Besim Ömer Akalın Titanik

Besim Ömer Paşa emekliliğinden sonra birçok konferans ve seminere delege olarak katılmıştı. Bu sayede birçok yurtdışına seyahatine gitmiş ve oldukça ülke görmüştü. 1912 yılında Washington’da yapılacak Kızılhaç Konferansı için Osmanlı delegesi seçilen Besim Ömer Paşa bu konferansa gitmek için Titanik adlı bir gemiyle yolculuk yapmaya karar verdi.
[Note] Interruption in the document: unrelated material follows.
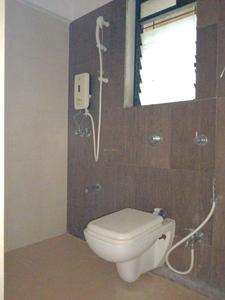 Bedroom Two Image of 1025 Sq.ft 2 BHK Apartment / Flat for sale in Raunak Unnathi Woods Phase 3, Kasarvadavali Thane for Rs. 9200000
Gemiye Fransa’dan binecek olan Besim Ömer Paşa, yolculuğun gerçekleşeceği gün hava durumundan dolayı limana ulaşamadı ve gemiyi kaçırdı. Bu sayede Titanik felaketinden şans eseri kurtuldu ve bileti olduğu halde gemiye binmeyen tek yolcu oldu. İlerleyen zamanlarda olaydan bahsederken kendisinden “yeryüzünün en talihli insanı” diye bahsetti.

Bu olayla günümüzde Titanik kazasından kurtulan tek Türk olarak ün kazandı.